**Your objective:**
Exactly as they appear, reproduce the lines from the one holding "The North Face" through the last line of the material below.

**Entries supplied:**
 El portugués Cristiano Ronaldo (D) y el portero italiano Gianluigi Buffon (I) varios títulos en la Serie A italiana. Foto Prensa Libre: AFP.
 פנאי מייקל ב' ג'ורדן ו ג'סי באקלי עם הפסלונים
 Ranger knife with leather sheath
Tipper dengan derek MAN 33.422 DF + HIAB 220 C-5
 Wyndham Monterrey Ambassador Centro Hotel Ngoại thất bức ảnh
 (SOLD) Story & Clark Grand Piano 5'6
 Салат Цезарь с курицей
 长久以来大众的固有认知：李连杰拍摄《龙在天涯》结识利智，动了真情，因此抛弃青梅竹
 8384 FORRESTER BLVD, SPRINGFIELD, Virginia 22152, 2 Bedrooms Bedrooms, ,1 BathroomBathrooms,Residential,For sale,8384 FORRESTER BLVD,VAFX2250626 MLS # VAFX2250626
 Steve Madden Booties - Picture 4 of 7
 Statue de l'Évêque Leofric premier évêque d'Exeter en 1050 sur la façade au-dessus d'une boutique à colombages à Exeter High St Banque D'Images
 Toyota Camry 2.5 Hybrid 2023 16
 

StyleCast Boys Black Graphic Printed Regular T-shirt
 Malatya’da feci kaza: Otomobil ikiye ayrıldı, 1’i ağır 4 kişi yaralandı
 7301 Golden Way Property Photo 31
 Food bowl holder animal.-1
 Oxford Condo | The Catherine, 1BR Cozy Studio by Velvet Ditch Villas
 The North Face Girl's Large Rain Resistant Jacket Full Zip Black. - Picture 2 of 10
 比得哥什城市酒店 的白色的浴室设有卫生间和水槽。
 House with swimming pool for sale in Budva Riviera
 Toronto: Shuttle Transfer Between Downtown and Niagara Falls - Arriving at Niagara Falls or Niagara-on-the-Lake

**Reply:**
 The North Face Girl's Large Rain Resistant Jacket Full Zip Black. - Picture 2 of 10
 比得哥什城市酒店 的白色的浴室设有卫生间和水槽。
 House with swimming pool for sale in Budva Riviera
 Toronto: Shuttle Transfer Between Downtown and Niagara Falls - Arriving at Niagara Falls or Niagara-on-the-Lake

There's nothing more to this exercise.